I bought the Imprint H100 processor today. After I install the H100 I will be heading to the ALPINE party tomorrow. Hopefully I can get some tuning done while I'm there.


----------



## rjcastr (May 17, 2007)

Im looking at the monitor, i have the same one im trying to install it just like yours but im having a difficult time figuering out how your rear speaker on the monitor sounds if its sealed completely. 

How did you get the BT to come from your system speakers?

I have the alpine h701 processor


----------



## cmusic (Nov 16, 2006)

I have the M740BT also. Do you have a problem with your wanting to shut off when the interior heats up? Mine shuts off when the ambient temperature in the interior of the car gets above 85 deg F. I hate to leave the car parked in the summer sun.


----------



## JP Fabrication (Feb 20, 2008)

I have no issues with heat on my 740BT and it's been over 100 degrees in my car.
As far as how it's wired, without a diagram showing how it's wired I'll give it a shot.

X-001 Ai-Alpine XM Ai out-XM Ai in- head unit port of KCA-410C switcher, 740BT rca out-Aux 2 of KCA-410C, Aux 1 of 410C is used for my DVD player. 
I have the Int interupt/mute connected between X-001, 740BT and KCA-410C.
X-001 Int off
740BT-Int-On
740BT-Rear select-audio highlighted
740BT-Int Nav guide on 

Does that make sense?


----------



## JP Fabrication (Feb 20, 2008)

[/QUOTE]


----------



## JP Fabrication (Feb 20, 2008)

These photos courtesy of "kenk"


----------



## BoostedNihilist (Mar 3, 2008)

What kind of volume did you end up getting in your kickpanels?


----------



## JP Fabrication (Feb 20, 2008)

BoostedNihilist said:


> What kind of volume did you end up getting in your kickpanels?

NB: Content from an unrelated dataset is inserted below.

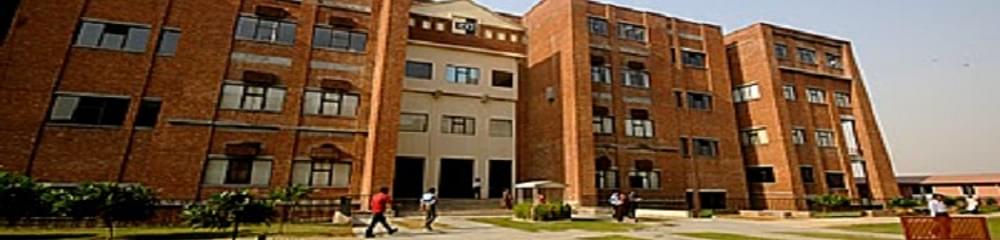 IILM Institute for Business & Management [IILM-IBM]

I never measured. I will measure them next time I have a chance.


----------



## slvrtsunami (Apr 18, 2008)

you should be very proud of your work. Nicely done. Hope the costomer day allowed you to fine tune the car. I always liked the R32 adn almost bought one. That is until I found my 'dream car'. "2000 BMW M5 !!"


----------



## James Bang (Jul 25, 2007)

Jon here certainly does great work and everything definately looks better in person.


----------



## tr0y_audi0 (Feb 13, 2007)

Me like!
Very cool, love the 3-way Pro's


----------



## jdc753 (Nov 14, 2007)

Install looks sweet for sure. Most certainly some great work. Must sound awesome too, hope you had a chance to get it all tuned to your liking.


----------



## CRAM V (Feb 12, 2007)

Looks awesome. Got myself a MKV GTI, so showing some Dub love. 

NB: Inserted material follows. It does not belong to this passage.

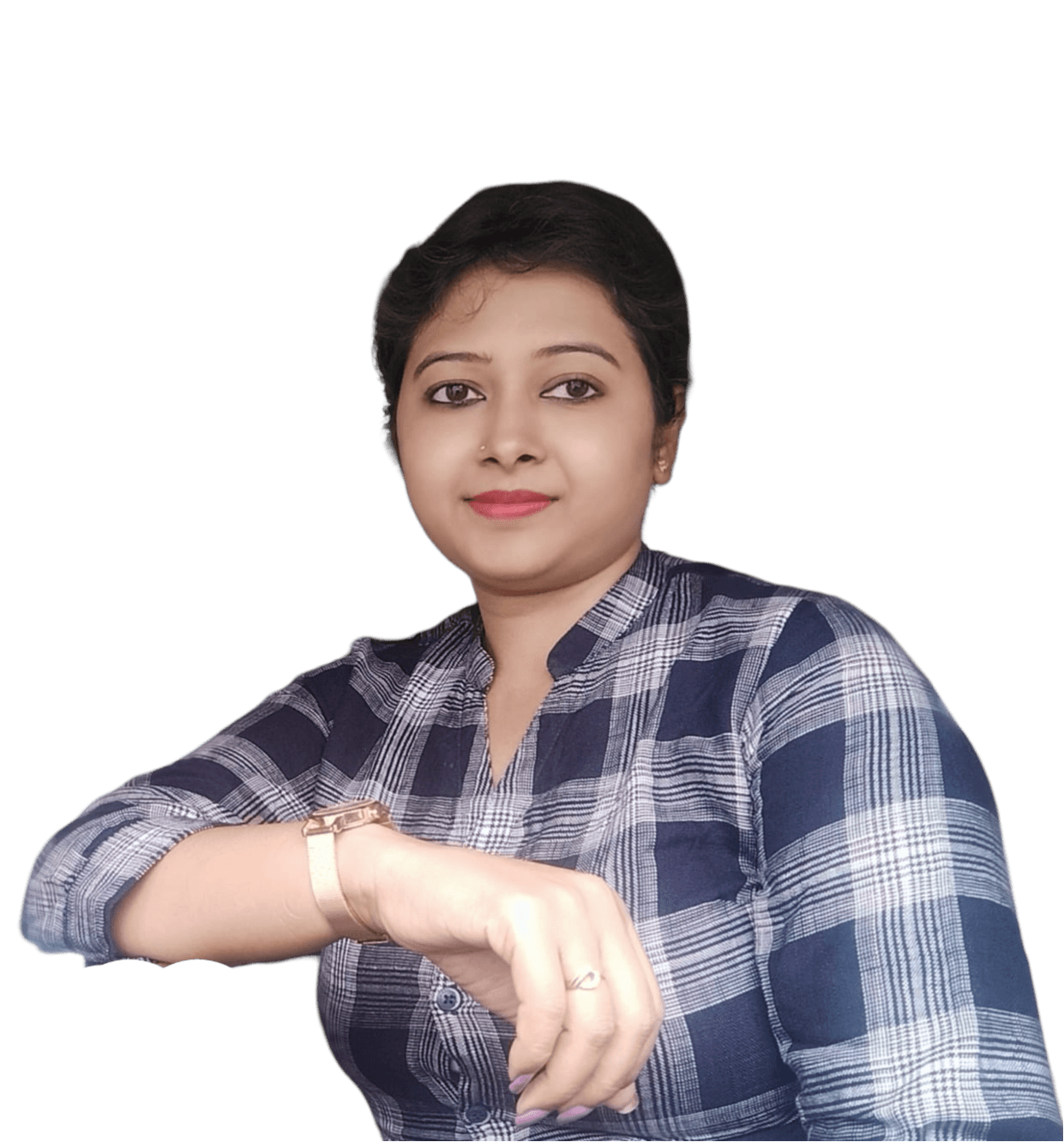 Priyanka Mondal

Your V1 integration is awesome!


----------



## nacholibres (Mar 18, 2008)

nice install dude congrats i love vw,s


----------



## moosejuice (Oct 5, 2007)

Very nice install....


----------



## Fatboy (Oct 21, 2010)

are those kick pannels from Q logic


----------



## JP Fabrication (Feb 20, 2008)

Fatboy said:


> are those kick pannels from Q logic


No, I made the kick panels.


----------



## jpeezy (Feb 5, 2012)

very nice, too bad your in cali, would love to hear it, id even help dial it in. car is also very nice, super clean.


----------



## jpeezy (Feb 5, 2012)

was that steve brown in the car? that would be the person to dial that system in.


----------



## JP Fabrication (Feb 20, 2008)

jpeezy said:


> was that steve brown in the car? that would be the person to dial that system in.


Yes that was Steve, he dialed the system in for me at the ALPINE customer show they had ALPINE.


----------